Una perdita di capacità critica
Una squadra di ricercatori ha seguito per quattro settimane 67 partecipanti che valutavano notizie con o senza l’aiuto della KI. Inizialmente, con l’aiuto degli chatbot, i partecipanti hanno riconosciuto meglio le fake news del 21%. Tuttavia, alla fine del periodo, senza l’aiuto della KI, la loro capacità si è ridotta del 15% rispetto al periodo iniziale. Circa il 25% dei partecipanti addirittura si è convinto di essere migliorato, anche se in realtà le performance erano peggiorate.

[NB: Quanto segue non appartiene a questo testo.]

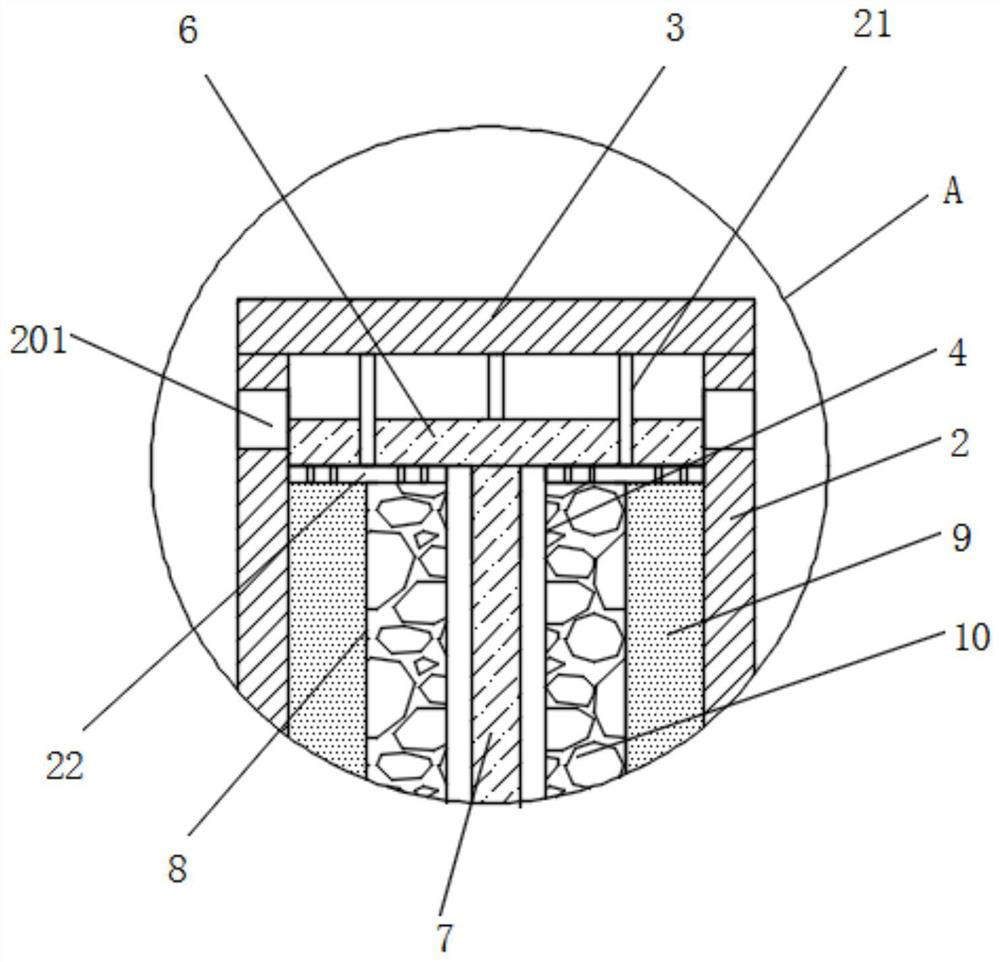 Energy-saving steel structure unit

I rischi per le nuove generazioni
Secondo un rapporto di Pew Research, i giovani sono particolarmente abituati all’uso degli chatbot per aggiornarsi sulle notizie. Nelle scuole degli Stati Uniti, si stima che 1 su 5 studenti utilizza sistemi KI almeno una volta settimanale. Anku Rani, una dottoranda al MIT coinvolta nello studio, osserva nel proprio articolo che l’eccessiva fiducia nella KI può essere pericolosa. I modelli di intelligenza artificiale sono basati su previsioni statistiche e, pur presentando azioni impressionanti dopo la scalabilità, hanno limiti seri in termini di quanto possono generare informazioni affidabili o di come possono impattare gli utenti.
Coaching o stampa?: le interazioni della KI
Secondo il team di ricerca fondamentale è la natura dell’interazione con la KI e come essa funge il ruolo di “coach” o “stampella”. Una strategia conversazionale narrativa, adatta a breve termine, potrebbe incentivare una dipendenza nei consumatori, mentre un metodo sokratico, basato su domande, potrebbe incoraggiare l’apprendimento attivo. Valdemar Danry, dottorando al MIT e coautore dello studio, ha sottolineato che spesso c’è un compromesso tra velocità e sforzo da parte dell’utente.

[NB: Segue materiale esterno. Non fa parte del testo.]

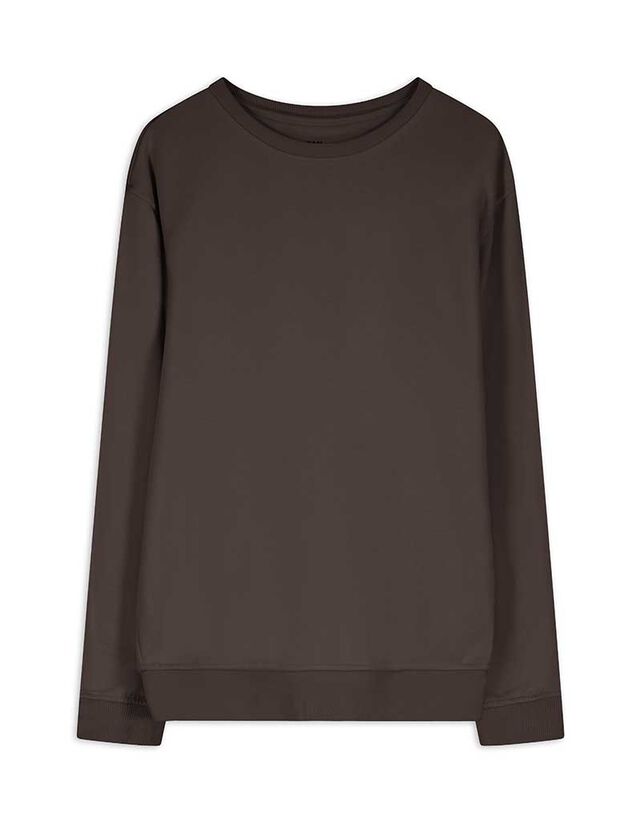 Melegítőfelső - Relax Fit - bézs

I punti di debolezza degli chatbot
I modelli KI sono particolarmente esposti a inesattezze quando gestiscono notizie emozionalmente cariche o urgenti. Un altro problema è che i dati di addestramento spesso contengono bias o informazioni non veritiere, il che complica ulteriormente la loro attendibilità. Queste vulnerabilità possono compromettere la capacità dell’utente di sviluppare un senso critico per la verifica della veridicità dell'informazione.
Chiamata all’educazione e consapevolezza
Gli autori dello studio riconoscono che il campione su cui hanno lavorato era limitato: circa 50 articoli validati e un focus geografico circoscritto agli Stati Uniti e al Regno Unito. Nonostante questo, il team è già al lavoro su nuove ricerche che coinvolgeranno gruppi socioculturalmente più diversificati. Il gruppo vuole esaminare se altre forme di interazione, rispetto agli chatbot, possano favorire un apprendimento migliore.

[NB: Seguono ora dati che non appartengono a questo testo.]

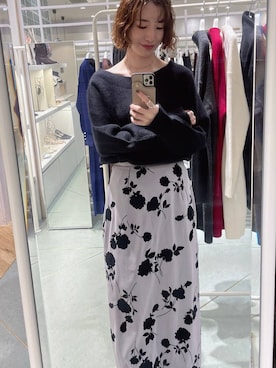 「リラックス」｜miuさん（レディース・157cm）の秋コーディネート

Pattie Maes, professore al MIT e coautrice dello studio, sottolinea l’importanza di educare a comprendere i limiti dell’utilizzo della KI come strumento di apprendimento. “La capacità di analizzare e interrogare le informazioni è cruciale per risolvere problemi e formare una visione personale e autonoma su ciò che ci circonda”, afferma.